Brief hinter Scheibenwischer geklemmt

Der mehrseitige, handgeschriebene Brief beinhaltet die Aussage: „Ich schreibe diesen Brief, um mein Gewissen bereinigen zu können …“ Darüber hinaus beschreibt er den Unfall, gibt konkrete Hinweise zum Unfallauto und nennt sogar Namen.

Verfasser meldet sich bei der Polizei

Wie die Polizei Bochum nun in einer Pressemitteilung meldet, hat sich der Verfasser am Montag in den frühen Abendstunden bei ihr gemeldet. Es soll sich dabei um eine Frau handeln. Inzwischen fand eine Vernehmung statt.

Wann verjährt die Unfallflucht infolge eines tödlichen Unfalls?
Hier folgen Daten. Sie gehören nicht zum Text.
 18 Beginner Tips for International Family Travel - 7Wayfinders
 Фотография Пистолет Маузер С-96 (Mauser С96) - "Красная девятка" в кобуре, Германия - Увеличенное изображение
Entscheidende Frage für eine mögliche Bestrafung ist nun, ob in dem Fall tatsächlich Verjährung eingetreten ist. Das lässt sich nur bei Kenntnis der konkreten Umstände beantworten. Zum einen kommt es auf die im Raum stehenden Straftaten an. Zum anderen kann die Verjährung unterbrochen worden sein oder geruht haben. Bei einer Unterbrechung beginnt die Verjährungsfrist von Neuem voll zu laufen. Grund dafür kann eine erste Vernehmung des Beschuldigten sein. Bei einem Ruhen läuft die Verjährung nur vorübergehend nicht weiter – sie legt sozusagen eine Pause ein. Das ist beispielsweise der Fall, wenn ein Täter sich im Ausland aufhält und dem jeweiligen Land ein Auslieferungsersuchen zugegangen ist.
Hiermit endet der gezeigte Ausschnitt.